Après plusieurs jours de travail non-stop, pendant lesquels les trois complices retrouvent vite leurs automatismes d’antan (« Gérard, rappelait François Rauber[288], lui a beaucoup apporté, tout son côté rythmique, pianistique… C’est un rythmicien épatant, qui a des idées. Moi, je suis plus dans la mélodie, ce qui fait qu’à nous trois c’était très bien ! »), ils entrent en studio le 5 septembre. Avec le fidèle Gerhard Lehner à la prise de son, Jacques n’est en rien dépaysé. Deux titres sont au programme. C’est peu et c’est beaucoup à la fois. Peu, parce que Jacques a décidé de s’économiser — depuis son opération, c’est la première fois qu’il enregistre ; beaucoup, parce qu’avec lui ça ne lambine pas : on enregistre à l’ancienne, tous ensemble, musiciens et chanteur en direct ! François Rauber : « Jacques était très vigilant, attentif, courageux, au début… Et à la fin, il était carrément le meneur de jeu ! C’était merveilleux, tout le monde avait envie d’aller dans le même sens que lui. On faisait tout en direct, Jacques avait besoin de cette peur… Il n’y avait pas de bon moment pour lui sans souci à se faire, comme en avion ou en bateau. Il avait le goût du risque, et en studio tout le monde se trouvait concerné, y compris les musiciens qui jouaient d’autant mieux[289] ! »

Il suffit d’une demi-heure environ aux musiciens pour déchiffrer chaque partition de François Rauber et être prêts à enregistrer. Le temps nécessaire à Jacques pour se chauffer la voix, dans une autre pièce. Seul Gerhard Lehner regrette la brièveté de ces répétitions : « Je n’avais pas toujours le temps de régler parfaitement mon matériel. Il est arrivé qu’à l’écoute je trouve que le résultat n’était pas parfait, mais, si Jacques était content de son chant, il décrétait “C’est bon !” et il ne voulait pas refaire une prise[290]. » Au maximum, incroyable performance résultant d’une rare expérience de la scène, il ne lui faudra que trois prises pour une chanson, le plus souvent deux, voire une seule…

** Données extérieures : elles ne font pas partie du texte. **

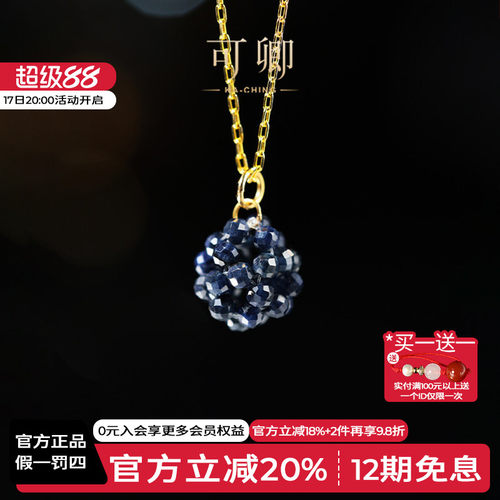 可卿蓝宝石吊坠18k金编制绣球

Deux titres donc pour cette reprise de contact avec le studio, mais quels titres ! Orly et Jojo. Deux chefs-d’œuvre d’amour et d’amitié. Et quels arrangements ! On ne peut plus somptueux pour Orly… François Rauber : « Les orchestrateurs travaillent avec deux types de chanteurs : ceux pour lesquels on ne peut pas orchestrer sans avoir lu le texte, et ceux pour lesquels il ne faut surtout pas lire le texte ! Avec Brel, une orchestration était inconcevable avant d’avoir lu le texte. Il avait d’ailleurs ses idées de styles, d’instruments — par exemple, dans Orly c’est lui qui a eu l’idée de la trompette. Il m’expliquait le décor orchestral qu’il souhaitait. Après, je faisais ce que je voulais, mais en partant de son idée initiale[291]. »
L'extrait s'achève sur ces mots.